Monthly Tax Collections Have Fallen Short of State Expectations in Each of the Last Seven Months
February is generally the least significant month for state tax collection totals, but every month counts when revenues are down compared to a year ago and lag more than a quarter-billion dollars behind already-dimmed projections.
And the early signs of February collections, released Wednesday by the Department of Revenue, showed monthly collections lagging February 2023’s pace by $36 million or 3.7 percent through Feb. 15. The Healey administration’s benchmark for full-month collections is set at $2.018 billion, or $38 million more than what was collected in February 2023.
DOR says mid-month reports “should not be used to assess trends or project future revenues” since collections tend to be weighted more toward the end of the month.
“Neither individual nor business taxpayers are required to make estimated payments during the month,” DOR wrote, adding that the month typically produced 6 percent of the state’s annual tax revenue. “February is also the month in which refunds reach substantial levels as the tax filing season begins.”

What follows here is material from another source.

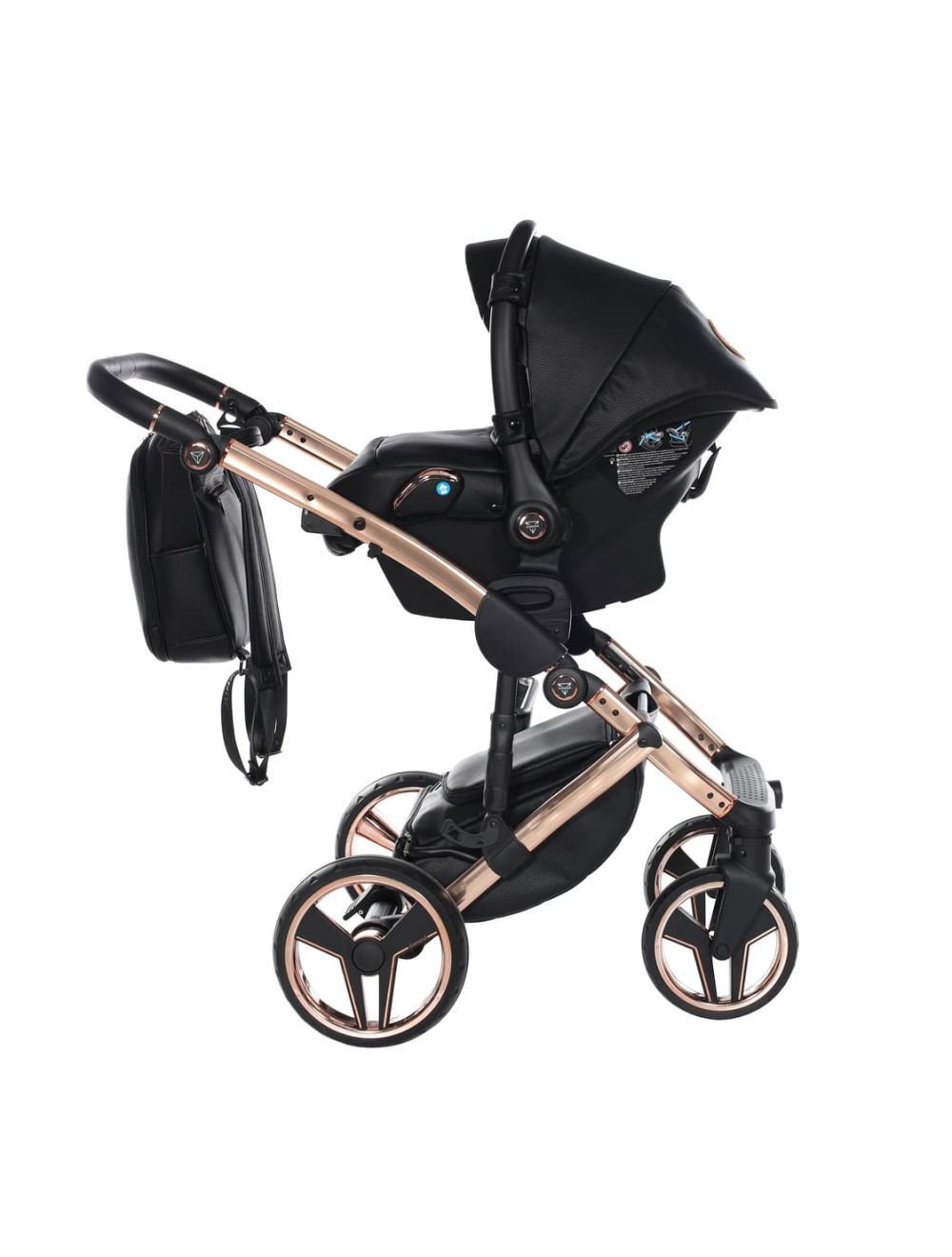 Junama Diamond Hand Craft V3 3 in 1 Black Telaio Rosegold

Monthly tax collections have fallen short of state expectations in each of the last seven months and the widening gap led Gov. Maura Healey in January to markdown the year-end revenue estimate by $1 billion. Through January, collections of $21.460 billion were $212 million or 1 percent less than actual collections in the same period of fiscal 2023 and $263 million or 1.2 percent less than what the Healey administration projected in January that it would have hauled in by this point in the calendar.